As India celebrated its 65th Independence Day this year, a bandh was declared, as it is every year by various militant factions in Assam and many such parties in states in the North-East of India. Some organisations like the ULFA, National Democratic Front of Bodoland, Kamtapur Liberation Organisation, Coordination Committee Manipur, Tripura Peoples Democratic Front, National Liberation Front of Tripura and Hynnewtrep National Liberation Council, etc. called for the customary boycott of the celebrations and general strike in the region on the day. Another militant organisation in Assam in an e-mail to the media on the other hand, said that places where Independence Day celebrations are organised would be ‘legitimate targets’ for the outfit and asked the people to stay away from such spots. Besides the Army and the Government officials, few people dare to step out of their houses in many districts of the North-East India on Independence Day.
The animosity is not just historical or political. It seeps from even our social behaviour today.
Post the clashes in Mumbai on the 11th of August, the North Eastern states are the flavour of the media. As Lisa Marak, a student from Meghalaya rightly says, “From being ‘Chinese’ & ‘Nepali’, it’s great how people suddenly know that we too are a part of India.” Every headline screams about some part of the people and they are being interviewed for their opinions. The projection is as victims of course. But till early this year, not a single mainstream media house stationed even one OB van in any of the seven states. Why blame just the Government?

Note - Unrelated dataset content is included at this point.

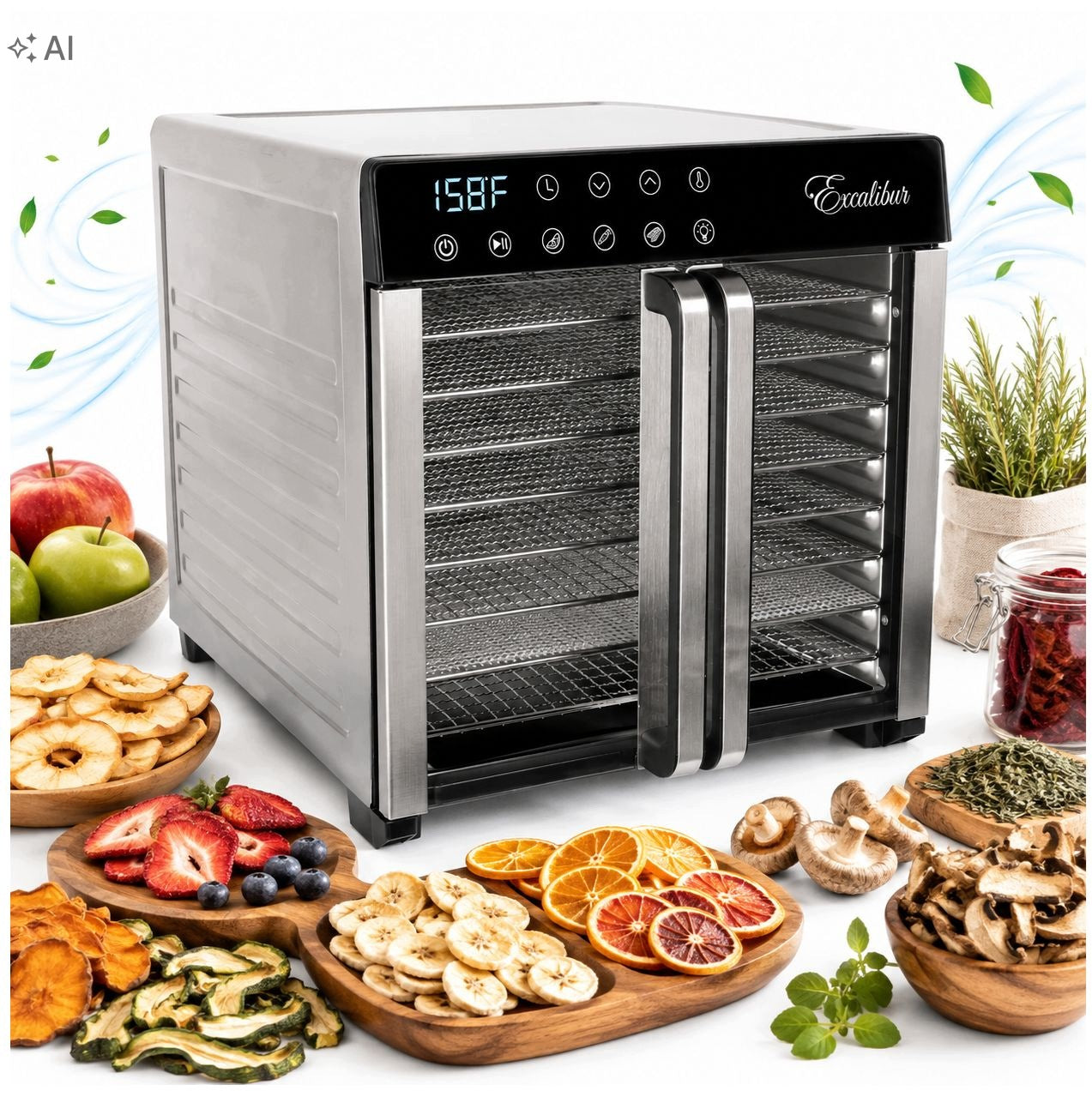EXCALIBUR Food Dryer 8 Trays Steel Sieves Digital Dehydrator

There are other legitimate stereotyping concerns. Why else would all North Eastern students feel threatened when the land dispute and violence is clearly between the illegal immigrants from Bangladesh and the Bodos in Assam. “The Seven Sisters label for the north-eastern states, each of which have completely diverse cultures and problems is a serious misrepresentation”, says Samiksha Madhukullya, a student from Assam.
The clashes at Azad Maidan in Mumbai on the 11th of August and the exodus of North-Eastern students especially from Bangalore, Mumbai and Pune is a disillusionment of our celebration of Independence Day. Says Mary Marbaniang, a student from Shillong, “Why celebrate Independence Day with such gusto when we don’t even consider other citizens of our country as Indians, beyond their regional/ religious identities?”
Districts in Chattisgarh and Kashmir too along with those in the North-East have groups propagating as Black Day the date that we commemorate as one gaining freedom from colonial rule.
This is not about being a sympathiser of the extremist outfits. This is about actually debasing the reasons for their existence. This is about understanding the complexities of the legitimate issues involved and pushing for them to be resolved in a sustainable manner. This is about responding to the voices of dissent in an India against India, with the concern of being fellow citizens.
This is about ensuring that our Independence Day is truly a happy one for each and every Indian.